Open rsvoboda opened 3 years ago
Could be related to #16355
@rsvoboda I figured out what is causing this strange behaviour on macOS systems when using Java CLI or starting Java apps in general.
The problem is that for some unknown reason, the following call on the JVM is taking seconds to execute:
java.net.InetAddress.getLocalHost()
It could be solved by adding the hostname that the application will return on your etc hosts file, pointing to 127.0.0.1 like:
$ sudo nano /etc/hosts
127.0.0.1 localhost [your macOS hostname]
::1 localhost [your macOS hostname]
To see your actual hostname, run: $ hostname
I don't know in what JDK versions this problem happens, but I tested on Java LTS versions (11 & 17).
After change hosts file, you can just run Quarkus Fast-Jar and the startup time will be very fast as it should be:
java -jar target/quarkus-app/quarkus-run.jar
In my case it's now just taking 0.553 seconds!!! Before I change the etc/hosts file, the startup was taking about 5 seconds.

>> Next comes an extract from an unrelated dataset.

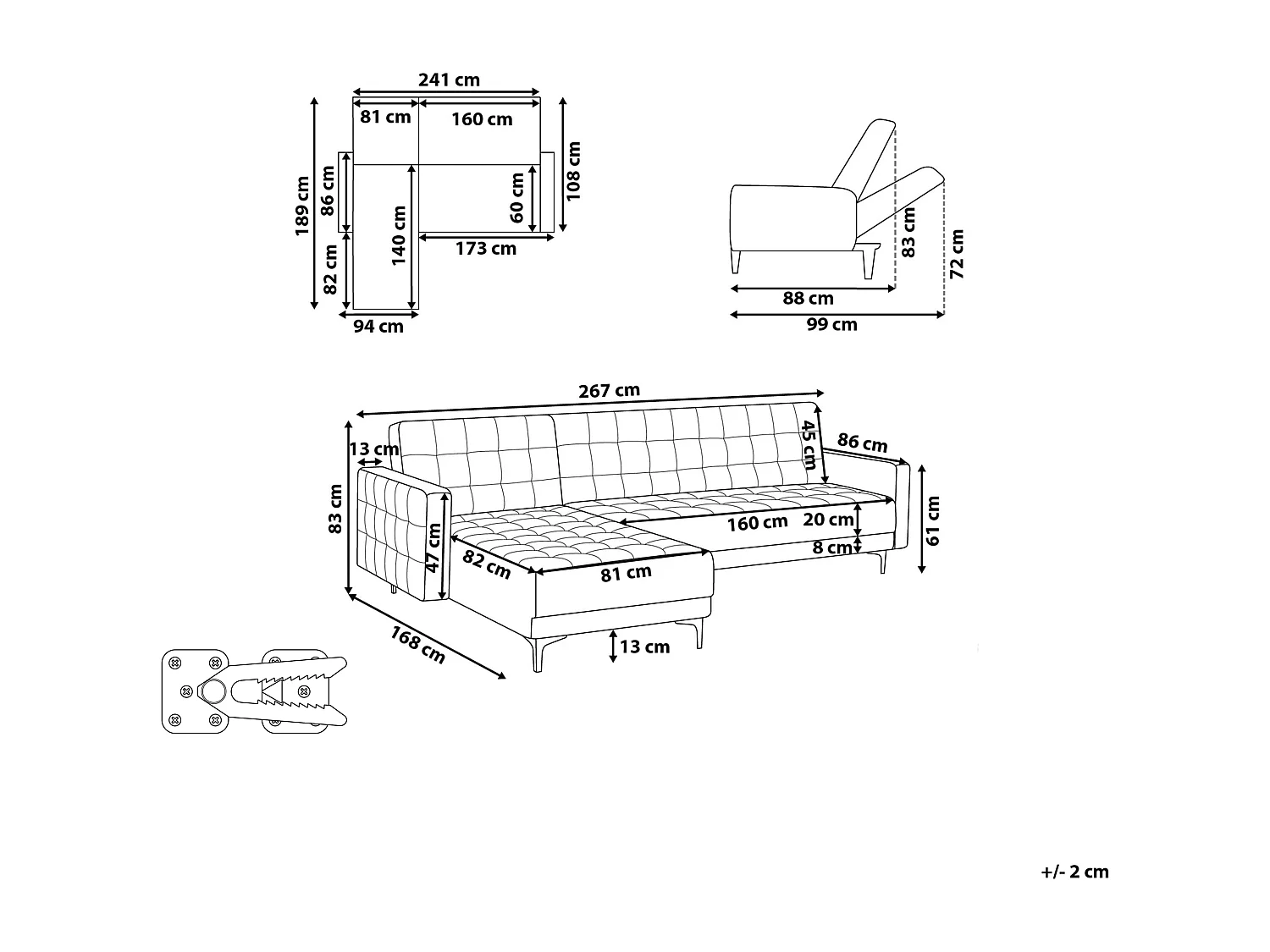 Sofá-cama de canto modular ABERDEEN Veludo Rosa 4 lugares à direita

If you're curious, you can run the Main class of inetTester.jar to see how much time the call takes to execute:
public static void main(String[] args) throws UnknownHostException {
System.out.printf("Calling the hostname resolution method...%n");
final Instant start = Instant.now();
final String hostName = InetAddress.getLocalHost().getHostName();
final long end = Duration.between(start, Instant.now()).toMillis();
System.out.printf("Method called, hostname %s, elapsed time: %d (ms)%n", hostName, end);
}
Hostname resolution trick is not helping in my case. In the description you can see that I have quick starts with other java programs. I will try to ping some people to see how quick time quarkus --help
is on their systems.
Ah, so I guess I found the trouble, I'm using quarkus app through jbang as described in https://quarkus.io/get-started/ and https://quarkus.io/guides/cli-tooling#installing-the-cli
When I directly invoke java -jar
I have much better times:
java -jar devtools/cli/target/quarkus-cli-999-SNAPSHOT-runner.jar 1.50s user 0.16s system 168% cpu 0.987 total
jbang run devtools/cli/target/quarkus-cli-999-SNAPSHOT-runner.jar 3.90s user 0.42s system 183% cpu 2.356 total
cc @maxandersen
Yes. Two runs of a jvm vs one will have this effect.
I don't see the same big difference though.
What java version are you using ?
Two runs of a jvm - yup, I realized that when looking into the details, was using GraalVM CE 21.3.0 Java11.
The main concern is that the JBang way of using quarkus
is promoted in https://quarkus.io/get-started/
It's also first option in https://quarkus.io/guides/cli-tooling#installing-the-cli
So this way users get a slower experience with CLI than if they use for example SDKMAN! based CLI installation.
correct its slightly slower but it is also way simpler and more reliable to install.
working on making jbang native which should help too and provide java based fallback so still reliable to install. But its not in the cards at the moment.
/cc @ebullient, @maxandersen
Quite slow on WSL2 with Ubuntu 20
time quarkus --help
...
real 0m2.948s
user 0m5.507s
sys 0m0.898s
version 3.5.0
How is it installed ?
@maxandersen JBang
Ok. Try use direct sdk or scoop or choco. That removes one jvm start from that.
Try measure that and see what diff that does for you.
Bit better with sdk, about half:
time quarkus --help
...
real 0m1.387s
user 0m2.978s
sys 0m0.760s
Quarkus CLI has slow(-ish) start, I'm missing the supersonic effect.
I'm using MBP 2019 with JDK 11 and the cli startup feels slow, 2 seconds to get help.
Did also comparison with CLI for Spring Boot and Micronat to get help text and to get version. Micronaut cli is slower than Quarkus cli, but Spring Boot cli is much faster, around 0.6s versus 1.7s. I think Quarkus cli should get under 1 second.